CMSC 476/676 Information Retrieval
Homework 1 - inidividually or in pairs
Due: 11:59pm Friday, February 23, 2024
Submission via BlackBoard

The objective of this assignment is to design a program to tokenize and downcase all words in a collection of HTML documents. You may choose any of the following approaches: flex, javacc, other publicly available tokenizer, or custom code in C, C++, Python, Java, Go, or Rust. Each program should read a directory name for the input documents from the command line and a directory name for the output documents from the command line. The program should produce three things: a directory containing the tokenized documents (one output file per input file)
a file of all tokens and their frequencies sorted by token
a file of all tokens and their frequencies sorted by frequency
You may use the UNIX sort facility to sort the output files. However, there must be a single command line call to your function, e.g.,
tokenize input-dir output-dir

Program Testing
The set of files to be preprocessed is available in this compressed tarfile or this files directory. For initial testing, copy a few of these files into your home directory for processing. For final testing, use the full path to these files as the input and your own path for the output to conserve disk space. There is about 12 megs of data, and managing data within your quota is your business. You are free to store the files on your own machine.

Program Documentation.
After your internal documentation (comments) are complete, write a report that provides a short executive summary of your program. In particular, discuss how you handled punctuation and numbers, and describe how you calculated the frequency of each word. Identify some HTML constructs or words which are incorrectly tokenized (if any) and discuss why your program does not handle them properly. Also, discuss the efficiency of your frequency program in terms of order of magnitude and timings (cpu time, elapsed time). Include a small graph or table of time versus number of documents processed. The entire document should be no more than three pages in length.

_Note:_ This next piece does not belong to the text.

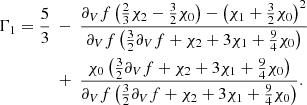 Mathematical equation: $$ \begin{aligned} \Gamma _1 =\frac{5}{3}~&-~\frac{\partial _{V} f\left(\frac{2}{3}\chi _2 - \frac{3}{2}\chi _0\right)-\left(\chi _1 + \frac{3}{2}\chi _0\right)^2}{\partial _{V} f\left(\frac{3}{2}\partial _{V} f + \chi _2 + 3\chi _1 +\frac{9}{4}\chi _0\right)} \nonumber \\ ~&+~\frac{\chi _0\left(\frac{3}{2}\partial _{V} f + \chi _2 + 3\chi _1 +\frac{9}{4}\chi _0\right)}{\partial _{V} f\left(\frac{3}{2}\partial _{V} f + \chi _2 + 3\chi _1 +\frac{9}{4}\chi _0\right)}. \end{aligned} $$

We will primarily be grading from the report, so make sure it clearly describes what you did and your program's output and efficiency.

You may work with your partner on implementing these programs, or you can implement this on your own.

We are providing a stoplist, but you won't need it for this phase of the project.

Hand In
Your code (including any shell scripts), the report, and the first 50 and last 50 lines of the two frequency files.

Everybody turns in their own code, report, and output as described.

Late Policy
10% deduction per 24 hours. Assignments turned in during or after the class will result in a 10% deduction.